Les rizières aux plants verts dans une eau cristalline sont un motif fréquent des poèmes, essais, estampes et autres représentations artistiques. Ce sont aussi les tiges de riz avec de brillants épis dorés et mûrs qui ondulent dans le vent d'automne. Non seulement la plante et ses grains, mais le riz cuit lui aussi est magnifique avec son éclat, sa pureté et sa blancheur. « Chaque grain est une perle », selon Tanizaki Junichiro.
L'importance symbolique du riz a survécu à la fois au système impérial et à l'agriculture elle-même et continue d'exercer un pouvoir évocateur dans le Japon contemporain, où il ne reste pratiquement plus aucun agriculteurs à temps plein. En d'autres termes, le capital symbolique lié au riz reste puissant et sans commune mesure avec sa valeur économique ou ses liens avec l'économie politique.

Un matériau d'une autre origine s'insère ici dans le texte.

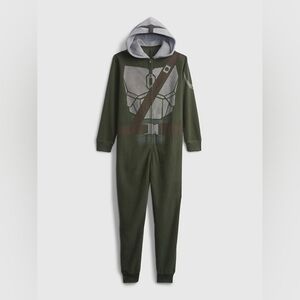 NWOT GapKids Star WarsTM Mandalorian One-Piece Flame Resistant Sleeping Onesie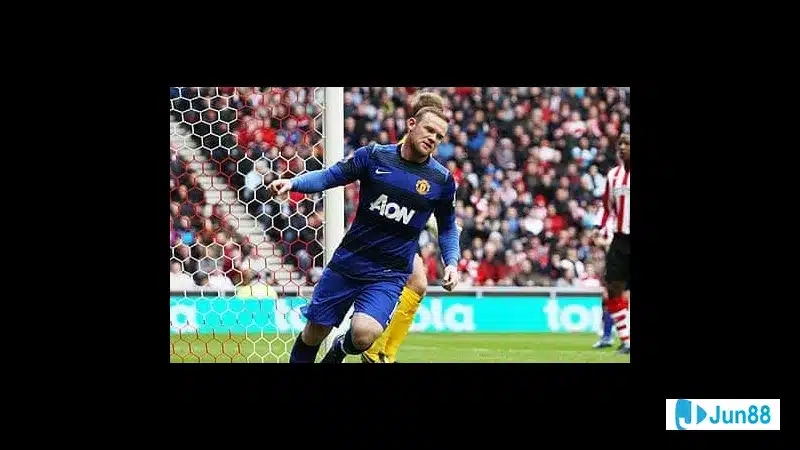 Cầu thủ MU ghi bàn vào lưới Sunderland với cú sút mạnh từ ngoài vòng cấm Cầu thủ MU ghi bàn vào lưới Sunderland với cú sút mạnh từ ngoài vòng cấm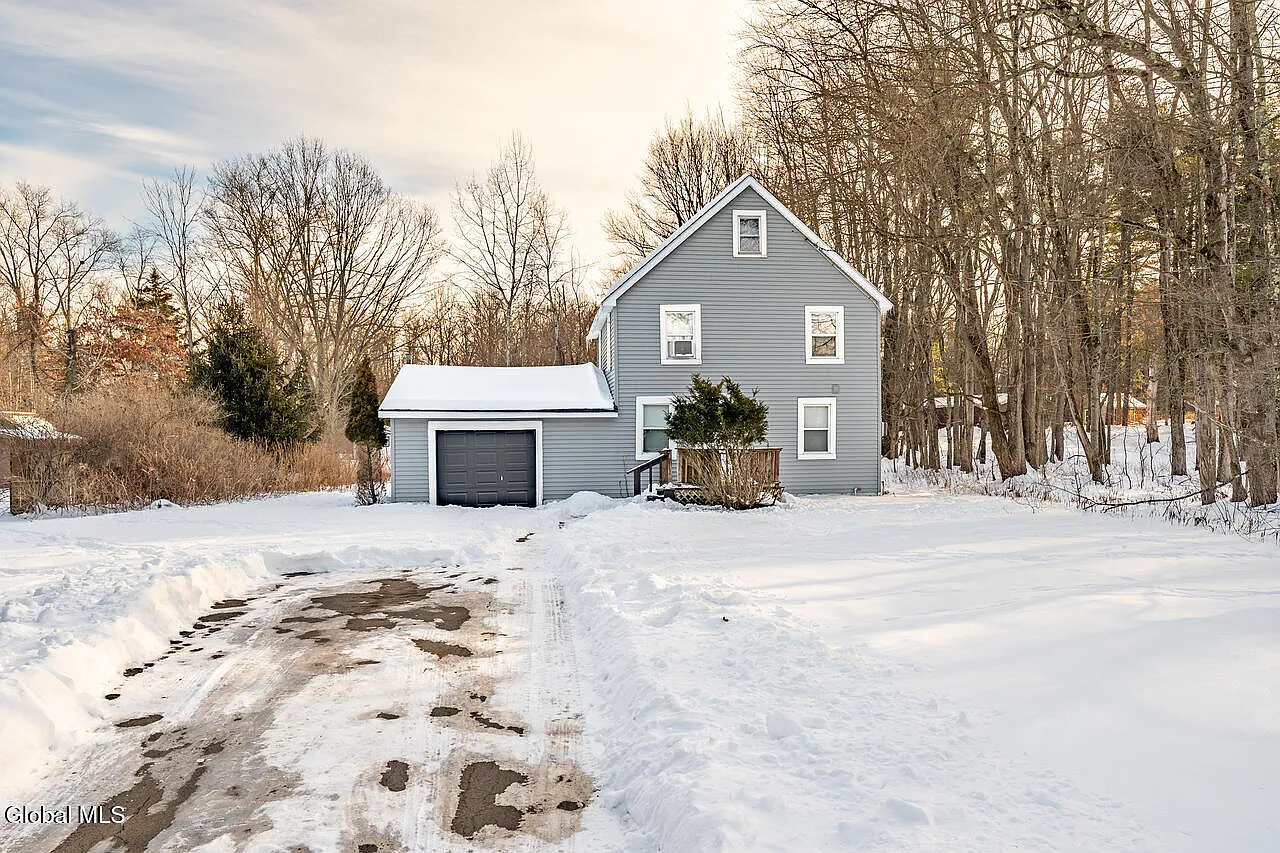 4207 Albany Street photo 1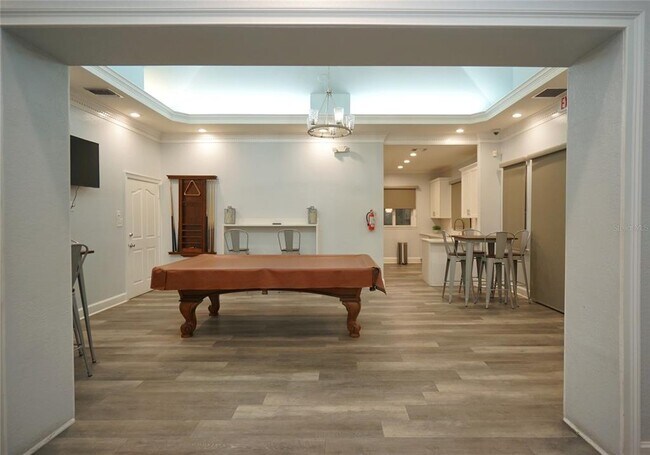 Building Photo - 5000 Culbreath Key Way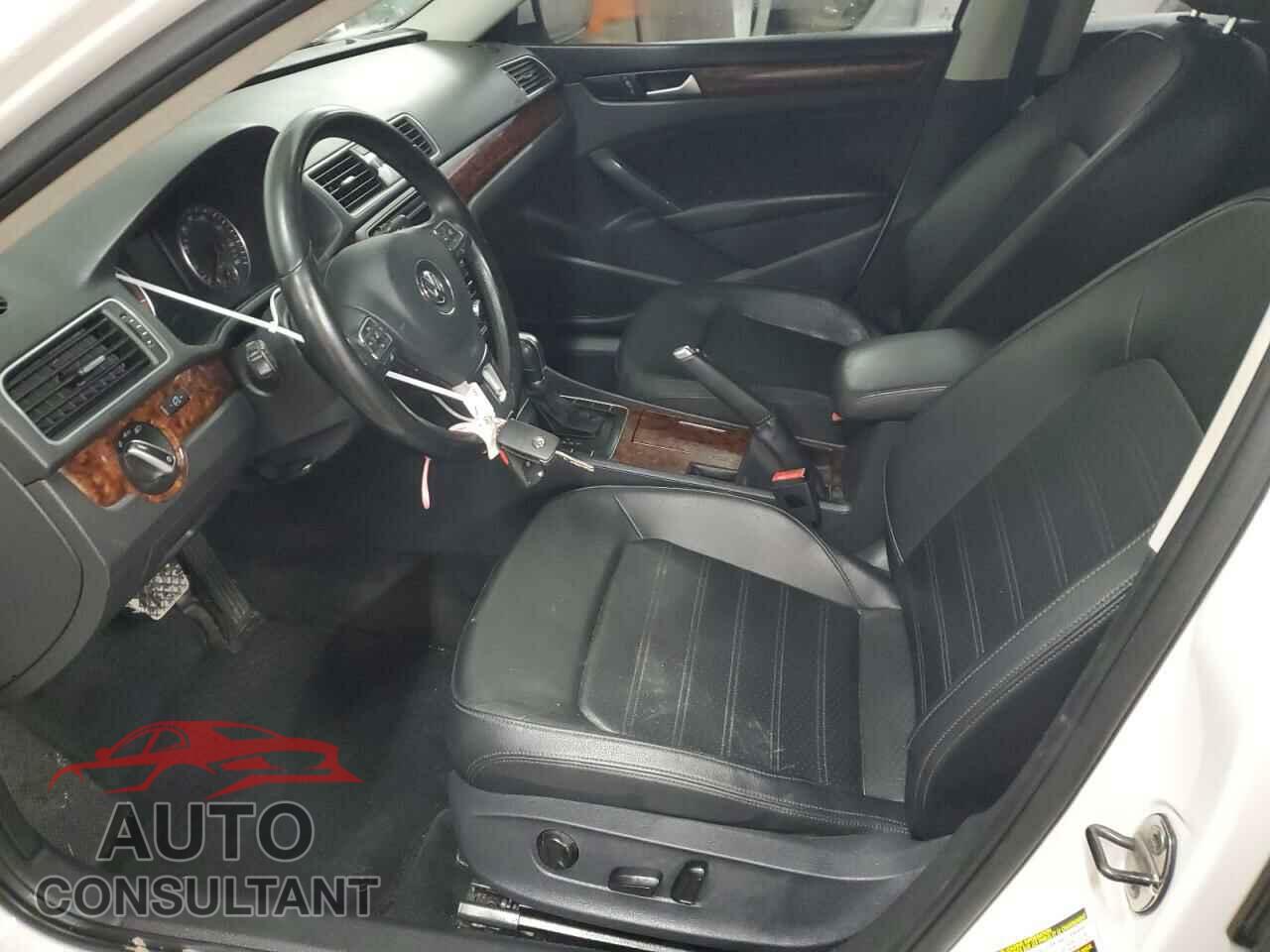 VOLKSWAGEN PASSAT 2012 - 1VWCH7A3XCC072802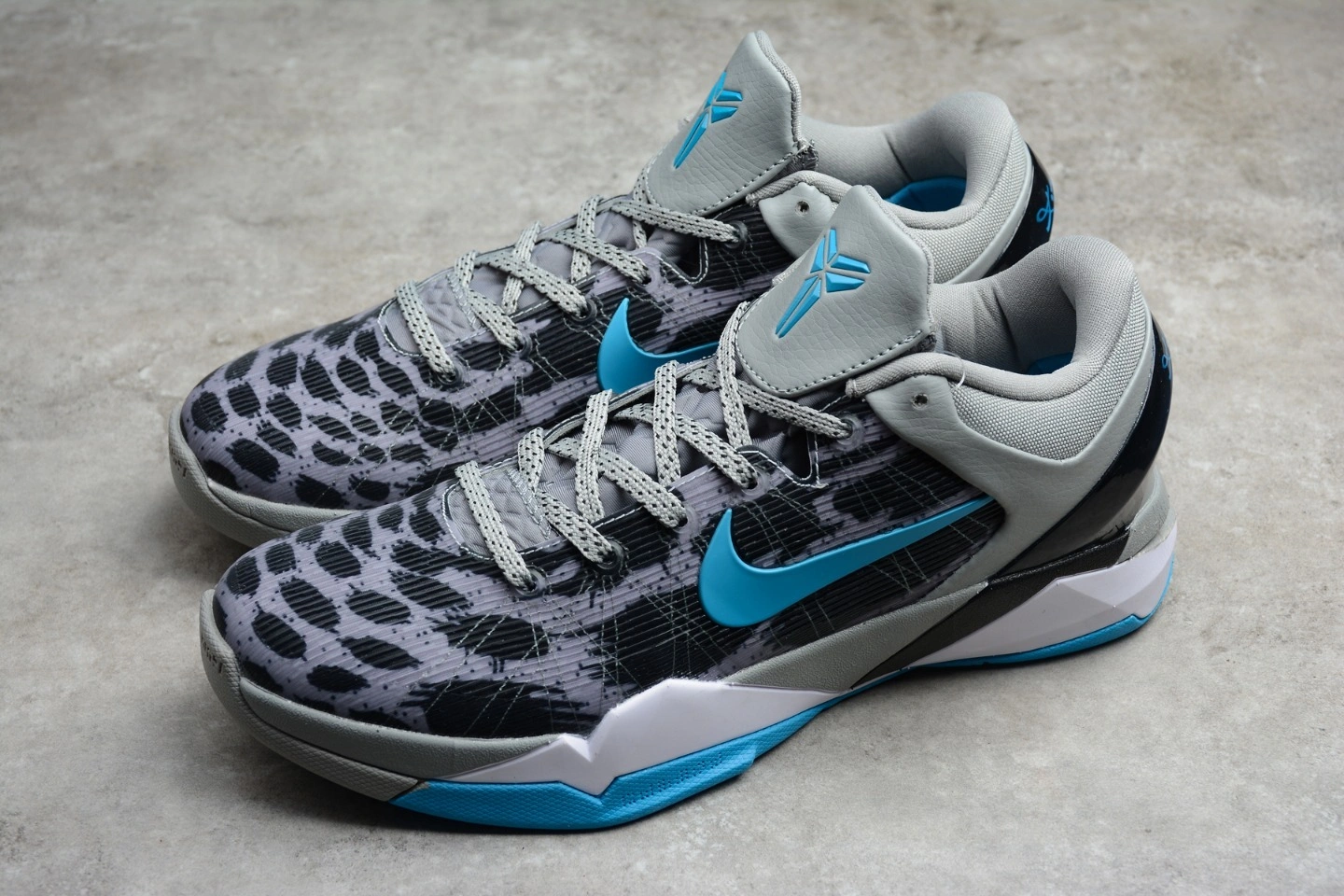 Uncle Sam--Kobe 488370-002 ZOO item:C-X067C2705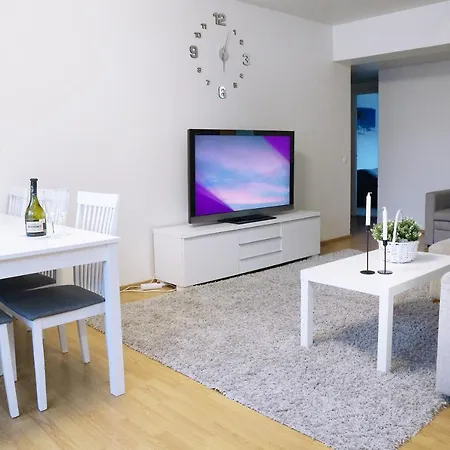 4-room In Center, Parking 아파트 *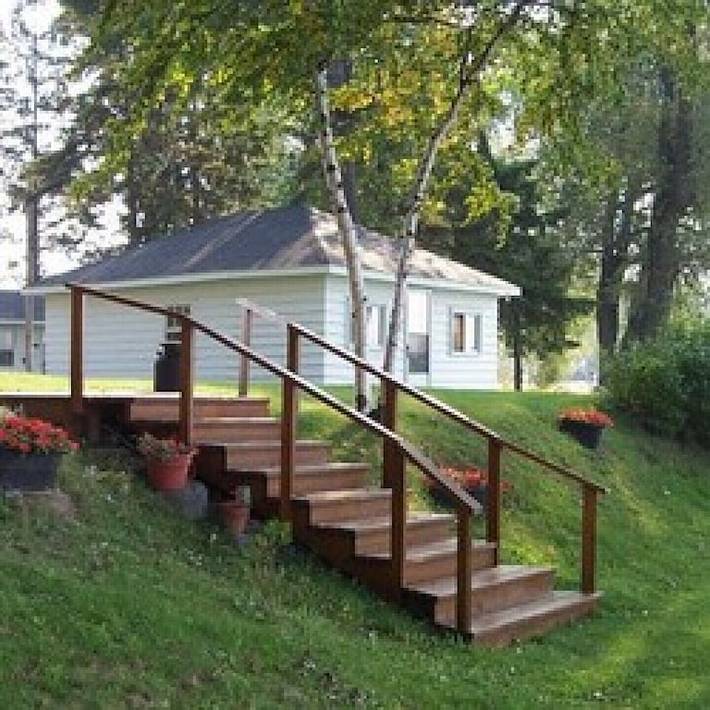 Hotel for 5 people in Lake Ontario (Canada)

L'importance de l'agriculture comme représentation symbolique de soi dans les sociétés industrielles et post-industrielles est assez fréquent. Dans l'Italie de Mussolini, l'idée de Romanista, l'idéal romain du citoyen-soldat-fermier, fut remise en valeur. Grâce à la « bataille du blé », Mussolini a donné à la fierté du blé une place dans la structure symbolique et économique de l'État, malgré l'opposition des agriculteurs qui souhaitaient cultiver des semences plus lucratives. Hitler a également souligné l'importance des secteurs agraires dans l'Allemagne nazie. Ici, à Paris, le Salon de l'Agriculture constitue un rendez-vous annuel où les politiciens souhaitent s'assurer le vote des agriculteurs. L'importance relative de l'agriculture sur le plan économique varie dans chacun de ces cas, mais ils témoignent tous de l'importance symbolique de l'agriculture. Le cas japonais soulève toutefois la question de savoir si l'économie politique n'est pas la base nécessaire au pouvoir symbolique.